▸ WORK INSTRUCTIONS
Reproduce the lines below exactly, from the one containing "When you work" through the one containing "At birth, we", both included. Leave out any pictures.

====== DATA PROVIDED

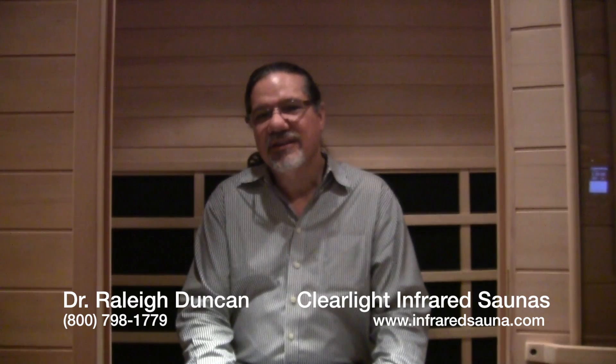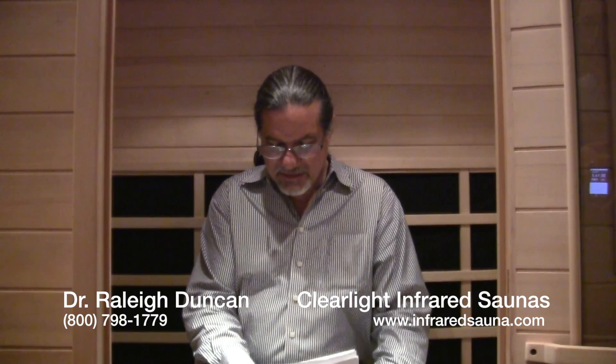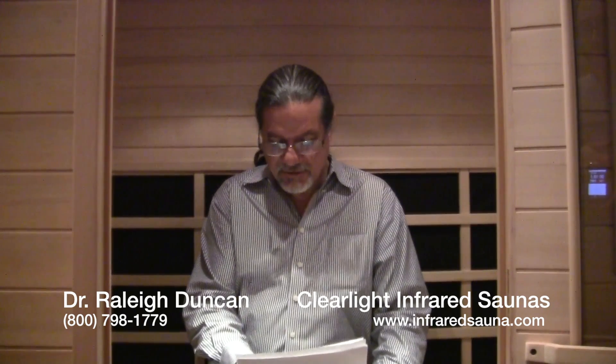Hi again, it's Dr. Duncan and you're watching the Clearlight Sauna Mailbag where we answer questions that you've sent in. Today's question is from Brent from New Jersey. Brent writes: how does the infrared sauna remove toxins from my body?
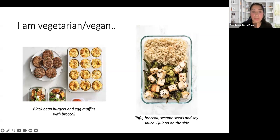Egg muffins are another easy preparation — mixed with broccoli, they're a great option, though not suitable if you don't eat eggs. Tofu is very common among vegetarian people because it has a lot of protein. Vegetarian and vegan people often rely on tofu, soybeans, or soy-based meats because soy has a lot of protein. A tofu lunch with vegetables, seeds, and quinoa looks really healthy and delicious. Adding a little soy sauce gives it that extra flavor. That's another great option for lunch.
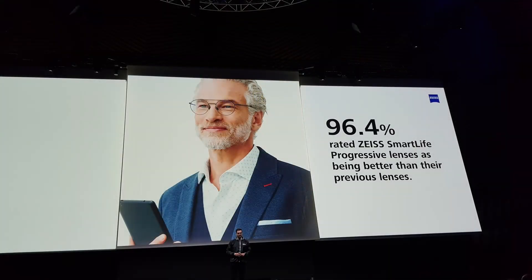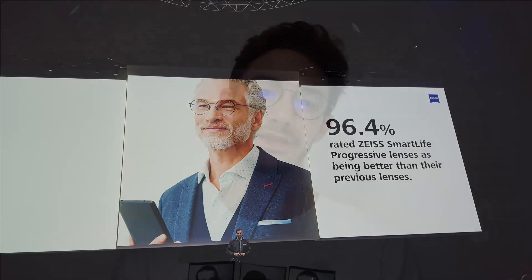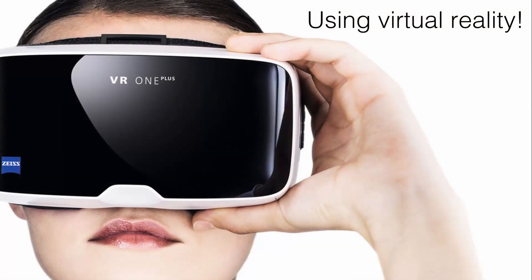The delegates at the conference were amongst the first to learn about this new lens, but not the first — a wearer trial was done in China where 3,000 patients tried the new Smart Life lenses. Apparently 96% said they were better than the lenses they'd had in the past, and not a single one was unable to wear them. That makes it sound like a real breakthrough technology. These lenses are available now — you can order Smart Life lenses through us, and if you come into the store we can show you the differences and how they can benefit you in everyday life.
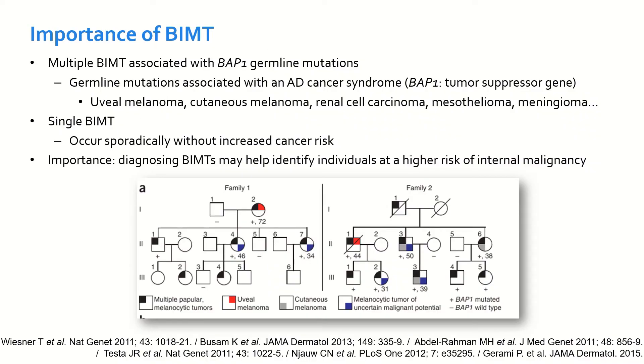These lesions are important because when they present in multiple numbers, they are typically associated with BAP1 germline mutations. These mutations have been associated with an autosomal dominant cancer syndrome, since BAP1 is a tumor suppressor gene. This cancer syndrome typically presents with uveal melanoma, cutaneous melanoma, renal cell carcinoma, mesothelioma, meningioma, among others.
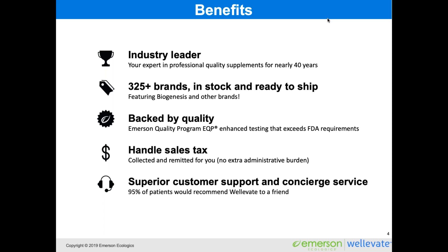When you work with Emerson and WellEvate, you know that you're with an industry leader. We've been working with professional quality supplements like NutraBiogenesis for nearly 40 years. We have about 325 brands that we hold in stock and are ready to ship, featuring Biogenesis and other brands. We're also backed by quality — we have an Emerson Quality Program, which we call EQP, which includes on-site audits and enhanced testing that exceeds the FDA's requirements, ensuring clinicians have access to very high-quality, clean ingredients.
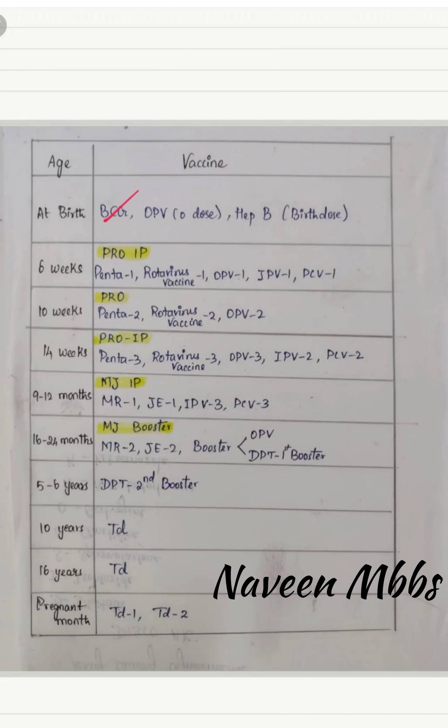At birth, we all know BCG, OPV, and Hepatitis B vaccines are given — it's very easy. At six weeks, the mnemonic is PRO IP: Pentavalent vaccine 1, Rotavirus vaccine 1, OPV1, IPV1, and PCV1. PRO IP is the mnemonic.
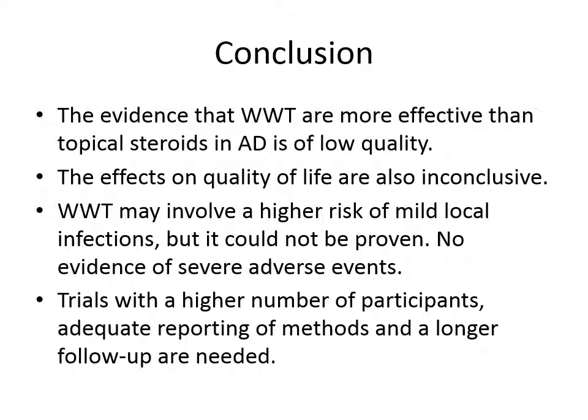So, what are the take-home messages? The main conclusion is that the evidence that wet wrap therapy is more effective than topical steroids in atopic dermatitis is of low quality. The effects on quality of life are inconclusive. As for local adverse events, wet wrap therapy may involve a higher risk of mild local infections, but this could not be proven, and there was no evidence of severe adverse events in any patient. We conclude that trials with a higher number of participants, adequate reporting on methods, and a longer follow-up are needed to further establish the efficacy and safety of wet wrap therapy in patients with atopic dermatitis.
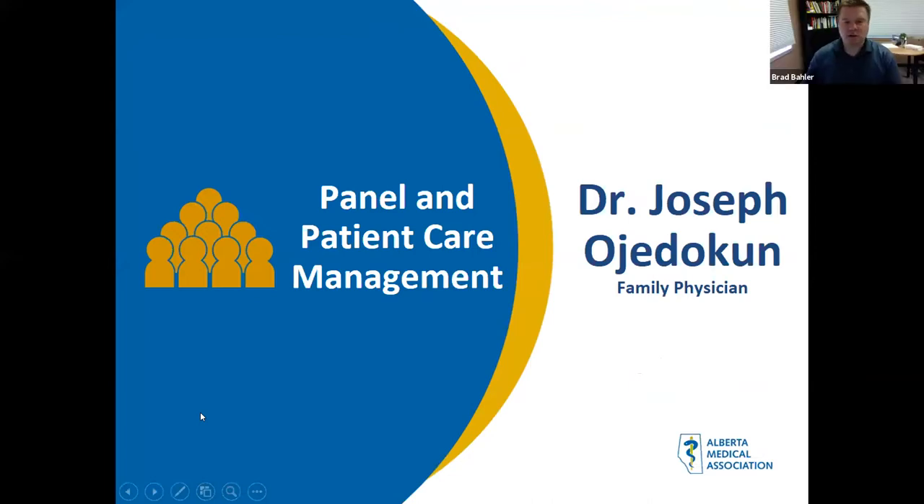Thanks so much, Scott. He's really done a great job innovating around the use of secure messaging, video conference, and phone appointments in terms of reconsidering his business practice. He also looked at that safety checklist and took what makes sense to him in his own practice to keep himself, his patients, and his staff safe. We're going to turn to Dr. Joseph Ajedekin now, who will speak about panel management in the current era.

============

▸ THE ANSWER
When you work with Emerson and WellEvate, you know that you're with an industry leader. We've been working with professional quality supplements like NutraBiogenesis for nearly 40 years. We have about 325 brands that we hold in stock and are ready to ship, featuring Biogenesis and other brands. We're also backed by quality — we have an Emerson Quality Program, which we call EQP, which includes on-site audits and enhanced testing that exceeds the FDA's requirements, ensuring clinicians have access to very high-quality, clean ingredients.
At birth, we all know BCG, OPV, and Hepatitis B vaccines are given — it's very easy. At six weeks, the mnemonic is PRO IP: Pentavalent vaccine 1, Rotavirus vaccine 1, OPV1, IPV1, and PCV1. PRO IP is the mnemonic.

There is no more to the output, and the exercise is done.